What is unique about these books is the author's clear moral purpose and the immensely complicated plots. Larsson, very unusually for a male writer, is extremely concerned about misogyny and male violence directed at women. His characters, Mikael Blomkvist and Lisbeth Salander, are not off any stock shelf and, moral purpose or not, the books are genuinely page-turning.
It's very sad that Larsson's novelist career had hardly begun before it was over, when the author was struck down by a sudden heart attack at the age of 50 after climbing seven flights of stairs. The irony is not just that he did not live to see the fantastic success of his books or to have a long career as a bestselling writer. His unexpected death has also meant that his girlfriend, 54 year-old architectural historian Eva Gabrielsson, has not inherited any rights to the books, even though she helped research them.

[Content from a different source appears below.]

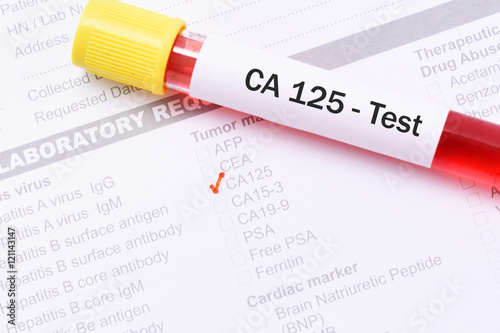 Blood for CA 125 test, tumor marker for ovarian cancer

The couple had not married, although they had lived together for over 30 years and Larsson did not make a will in her favour.
Gabrielsson says she and Larsson never married because he had believed his anti-fascist work could have put her at risk if there was a paper trail linking them legally or financially, but that he would have been dismayed to see anyone other than her in control of the estate. 'It would have been beyond Stieg's worst nightmares to know that someone other than me was handling the rights to his books and to know that the money we planned to invest is gone' she has said.
Stieg Larsson's father and brother have inherited the whole estate and don't intend to share it with Eva Gabrielson, although they have recently offered her £1.75m ($2.93m) to relinquish all rights . There are rumours that there are 200 words of a new novel and sketched-out ideas for six more in Larsson's laptop, which Gabrielson isn't about to hand over anytime soon. But could they be completed by someone else? It's difficult to see how anyone could step fully into Larsson's shoes but for his fans it's an intriguing thought.
In the meantime the current situation seems like an episode out of one of Larsson's own books, as her father and brother seek to sweep aside the woman who has been legally disinherited, but who morally surely seems entitled to her share, and to the all-important control of Larsson's work.